48.9.—(1) This rule applies where—
(a)a party, or other person directly affected, alleges—
(i)in the Crown Court, a failure to comply with an order to which applies rule 33.70 (compliance order, restraint order or ancillary order), rule 47.13 (certain investigation orders under the Terrorism Act 2000(1)) or rule 47.22 (certain investigation orders under the Proceeds of Crime Act 2002(2)),
(ii)in the Court of Appeal or the Crown Court, any other conduct with which that court can deal as a civil contempt of court, or
(iii)in the Crown Court or a magistrates’ court, unauthorised use of disclosed prosecution material under section 17 of the Criminal Procedure and Investigations Act 1996(3);
(b)the court deals on its own initiative with conduct to which paragraph (1)(a) applies.
(2) Such a party or person must—
(a)apply in writing and serve the application on the court officer; and
(b)serve on the respondent—
(i)the application, and
(ii)notice of where and when the court will consider the allegation (not less than 14 days after service).
(3) The application must—
(a)identify the respondent;
(b)explain that it is an application for the respondent to be dealt with for contempt of court;
(c)contain such particulars of the conduct in question as to make clear what is alleged against the respondent; and
(d)include a notice warning the respondent that the court—
(i)can impose imprisonment, or a fine, or both, for contempt of court, and
(ii)may deal with the application in the respondent’s absence, if the respondent does not attend the hearing.
(4) A court which acts on its own initiative under paragraph (1)(b) must—
(a)arrange for the preparation of a written statement containing the same information as an application; and
(b)arrange for the service on the respondent of—
(i)that written statement, and
(ii)notice of where and when the court will consider the allegation (not less than 14 days after service).
[Note. The conduct to which this rule applies is sometimes described as ‘civil’ contempt of court.
By reason of section 45 of the Senior Courts Act 1981(4), the Crown Court has an inherent power to imprison (for a maximum of 2 years), or fine (to an unlimited amount), or both, a respondent for conduct in contempt of court by failing to comply with a court order or an undertaking given to the court.
Under section 18 of the Criminal Procedure and Investigations Act 1996(5)—
(a)the Crown Court can imprison (for a maximum of 2 years), or fine (to an unlimited amount), or both;
(b)a magistrates’ court can imprison (for a maximum of 6 months), or fine (to a maximum of £5,000), or both,
a person who uses disclosed prosecution material in contravention of section 17 of that Act. See also rule 15.8.
Under section 89 of the Powers of Criminal Courts (Sentencing) Act 2000, no respondent who is under 21 may be imprisoned for contempt of court.
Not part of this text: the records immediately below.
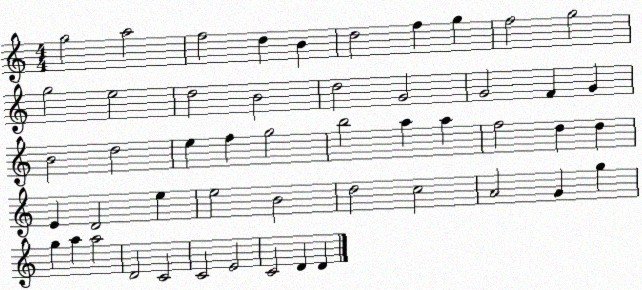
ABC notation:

X:1
T:Untitled
M:4/4
L:1/4
K:C
g2 a2 f2 d B d2 f g f2 g2 g2 e2 d2 B2 d2 G2 G2 F G B2 d2 e f g2 b2 a a f2 d d E D2 e e2 B2 d2 c2 A2 G g g a a2 D2 C2 C2 E2 C2 D D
Under section 108 of that Act, a respondent who is at least 18 but under 21 may be detained if the court is of the opinion that no other method of dealing with him or her is appropriate. Under section 14(2A) of the Contempt of Court Act 1981, a respondent who is under 17 may not be ordered to attend an attendance centre.
Under section 258 of the Criminal Justice Act 2003, a respondent who is imprisoned for contempt of court must be released unconditionally after serving half the term.
The Practice Direction sets out a form of application for use in connection with this rule.
The rules in Part 4 require that an application under this rule must be served by handing it to the person accused of contempt of court unless the court otherwise directs.]
1996 c. 25; section 17 was amended by section 331 of, and paragraphs 20 and 33 of Schedule 36 to, the Criminal Justice Act 2003 (c. 44).